Lessons Learned in 65 years


Lessons Learned in 65 years

Time marches in one direction only.  Though it is sometimes hard for me to believe it, I am now 65 years old.  For much of my life, people who had reached this advanced age seemed to me quite old.  But not any more.  I regard myself as being much younger than I actually am.  But though I can no longer physically do all that I could do when I was much younger, I  regard the advantages of my current age as far greater than the costs of aging.  Among these blessings are many treasured lessons I have learned, and the joy I have known of walking with God for so long now, and the priceless wisdom the Lord has blessed me to gain in the classroom of life.


Our education is progressive, isn’t it? What kindergarten student is expected to understand algebra or to explain the theory of relativity? But elementary school students are expected to know what they learned in earlier years, high school students are presumed to retain what they were taught in elementary school, and college students will need to know and apply the basics of High School language, history and math. Progressive learning happens throughout our life, including our life in Christ.

The book of Hebrews provides a clear biblical exhortation to ensure that our spiritual education is progressive and that we are growing in faith by holding on to what the Lord has already taught us. “Anyone who lives on milk, being still an infant is not acquainted with the teaching about righteousness.

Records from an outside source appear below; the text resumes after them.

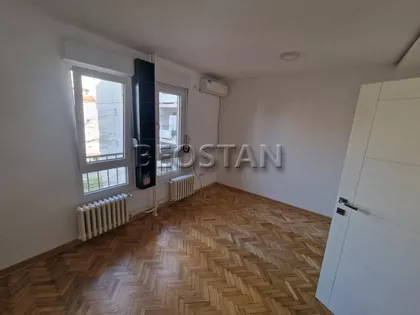 Pedje Milosavljevic | 4zida.rs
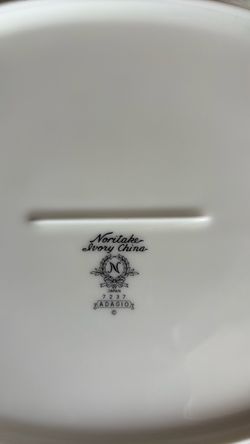 Noritake Ivory China Adagio Serving Piece
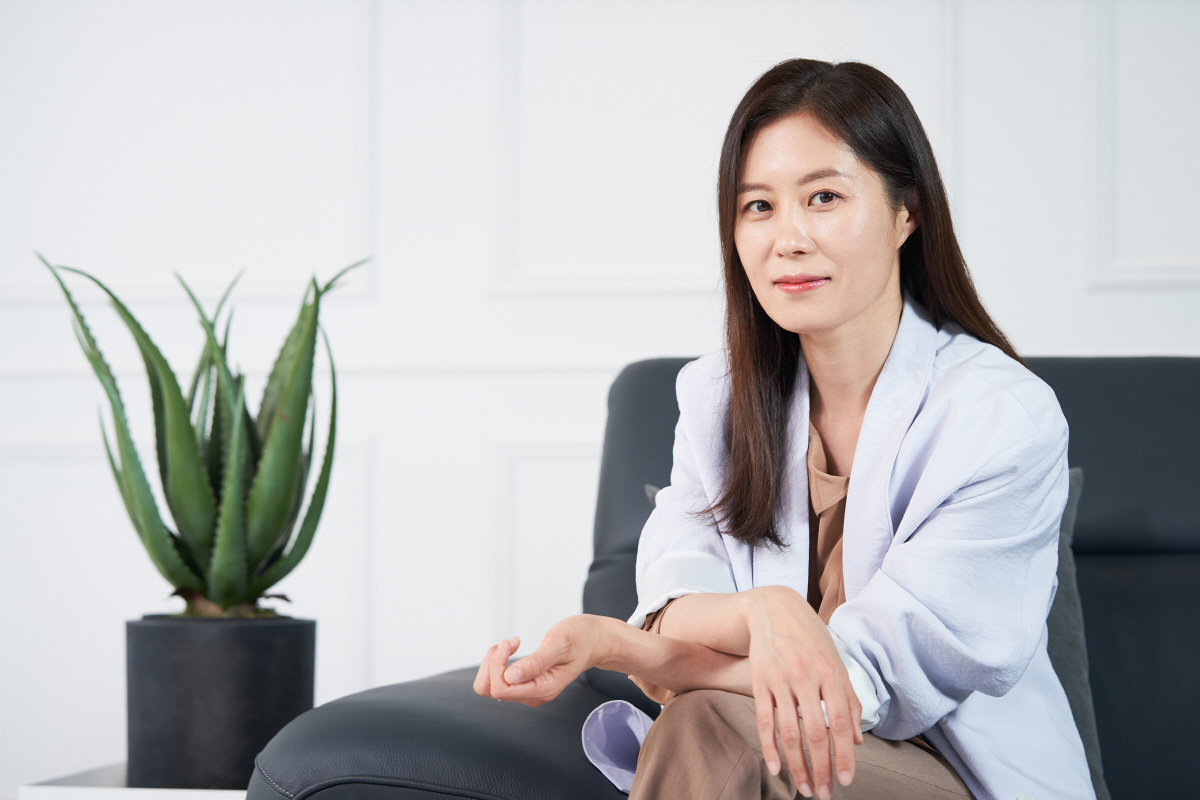 [인터뷰 종합] "깐느문·천만감독 욕심無"…돌아온 배우 문소리의 뚝심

But solid food is for the mature, who by constant use have trained themselves to distinguish good from evil. Therefore, let us move beyond the elementary teachings about Christ and be taken forward to maturity…” (Hebrews 5:13-6:1)


For several years the Lord stirred in me a desire to put into writing a compilation of lessons He has taught me through the years. This effort was brought to fruition in 2014 with the publication of “Walking With God: 101 Lessons for Life and Ministry”. In that book I included various lessons God taught me as a child, as an adolescent, as a young adult, in seasons of preparation, as a young shepherd, as a parent, in Christian leadership, in sacrificial service, while awaiting orders, in spiritual battle, in the fog of uncertainty, in greater responsibility, in unexpected change, and to final breath and beyond. Though I listed 101 lessons learned along the way while walking with God, I could have easily included more. Every one of the lessons He has taught me in life are priceless treasures to me, in some ways like accrued returns on investments from a life of loving and following Jesus.

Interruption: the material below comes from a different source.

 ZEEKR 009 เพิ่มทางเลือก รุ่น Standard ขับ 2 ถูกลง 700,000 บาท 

But such treasures are not to be hoarded like a miser who greedily counts his money. Rather, they are to be continually reinvested in life and ministry, all for the glory of God. Toward this end God has been challenging me to keep remembering and living what He has taught me, to not forget or ignore important truths.


I took three years of French in High School, but that was a long time ago and I can remember very little of it now. The reason is obvious: I never used it. In college I took courses in Physics, Chemistry, and Calculus, but I can remember very little of what I learned, again because I have not used it. Most of us will retain little of what we no longer use. This explains why I cannot remember phone numbers and addresses of places I lived long ago. I knew them well then, but not anymore.

The Lord tells us how to ensure we never forget what He has taught us. We remember by doing, that is by applying biblical truths today. James 1:23-25 says, “Do not merely listen to the word, and so deceive yourselves. Do what it says. Anyone who listens to the word but does not do what it says is like someone who looks at his face in a mirror and, after looking at himself, goes away and immediately forgets what he looks like. But whoever looks intently into the perfect law that gives freedom, and continues in it – not forgetting what they have heard, but doing it – they will be blessed in what they do.”

James wrote this because our nature is to forget. We are prone to distraction and to retreat to our sinful ways. He calls us to remember what the Lord has taught us, and to keep living it, thus growing in holiness, becoming more and more like Christ. The longer we have personally walked with Christ, the more we should be becoming like Him. But this transformation only happens to the extent that we keep living what He has taught us, while eagerly inviting Him to teach and lead us in every way.  I feel like, after 65 years, I am just getting started!